Stored records:

• • • • • • •

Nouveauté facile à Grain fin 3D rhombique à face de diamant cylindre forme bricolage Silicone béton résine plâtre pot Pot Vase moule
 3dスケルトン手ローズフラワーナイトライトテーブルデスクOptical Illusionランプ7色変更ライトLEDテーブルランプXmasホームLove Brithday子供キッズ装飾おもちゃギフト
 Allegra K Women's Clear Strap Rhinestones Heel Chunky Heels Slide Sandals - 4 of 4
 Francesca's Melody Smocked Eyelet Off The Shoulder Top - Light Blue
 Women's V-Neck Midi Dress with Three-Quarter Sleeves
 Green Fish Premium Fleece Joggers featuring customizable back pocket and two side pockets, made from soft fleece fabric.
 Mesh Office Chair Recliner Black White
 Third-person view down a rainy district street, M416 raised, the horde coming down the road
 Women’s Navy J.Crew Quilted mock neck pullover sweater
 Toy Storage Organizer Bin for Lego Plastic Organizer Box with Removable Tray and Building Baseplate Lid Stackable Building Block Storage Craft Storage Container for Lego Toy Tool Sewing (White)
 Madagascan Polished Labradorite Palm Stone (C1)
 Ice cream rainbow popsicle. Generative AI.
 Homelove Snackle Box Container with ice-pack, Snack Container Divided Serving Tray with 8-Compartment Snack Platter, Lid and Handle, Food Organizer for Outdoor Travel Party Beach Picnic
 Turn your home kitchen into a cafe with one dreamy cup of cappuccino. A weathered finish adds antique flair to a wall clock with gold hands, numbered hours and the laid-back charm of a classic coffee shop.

• • • • • • •

— Work item —
Please reproduce all of the records exactly as they stand.

— Problem solution —
Nouveauté facile à Grain fin 3D rhombique à face de diamant cylindre forme bricolage Silicone béton résine plâtre pot Pot Vase moule
 3dスケルトン手ローズフラワーナイトライトテーブルデスクOptical Illusionランプ7色変更ライトLEDテーブルランプXmasホームLove Brithday子供キッズ装飾おもちゃギフト
 Allegra K Women's Clear Strap Rhinestones Heel Chunky Heels Slide Sandals - 4 of 4
 Francesca's Melody Smocked Eyelet Off The Shoulder Top - Light Blue
 Women's V-Neck Midi Dress with Three-Quarter Sleeves
 Green Fish Premium Fleece Joggers featuring customizable back pocket and two side pockets, made from soft fleece fabric.
 Mesh Office Chair Recliner Black White
 Third-person view down a rainy district street, M416 raised, the horde coming down the road
 Women’s Navy J.Crew Quilted mock neck pullover sweater
 Toy Storage Organizer Bin for Lego Plastic Organizer Box with Removable Tray and Building Baseplate Lid Stackable Building Block Storage Craft Storage Container for Lego Toy Tool Sewing (White)
 Madagascan Polished Labradorite Palm Stone (C1)
 Ice cream rainbow popsicle. Generative AI.
 Homelove Snackle Box Container with ice-pack, Snack Container Divided Serving Tray with 8-Compartment Snack Platter, Lid and Handle, Food Organizer for Outdoor Travel Party Beach Picnic
 Turn your home kitchen into a cafe with one dreamy cup of cappuccino. A weathered finish adds antique flair to a wall clock with gold hands, numbered hours and the laid-back charm of a classic coffee shop.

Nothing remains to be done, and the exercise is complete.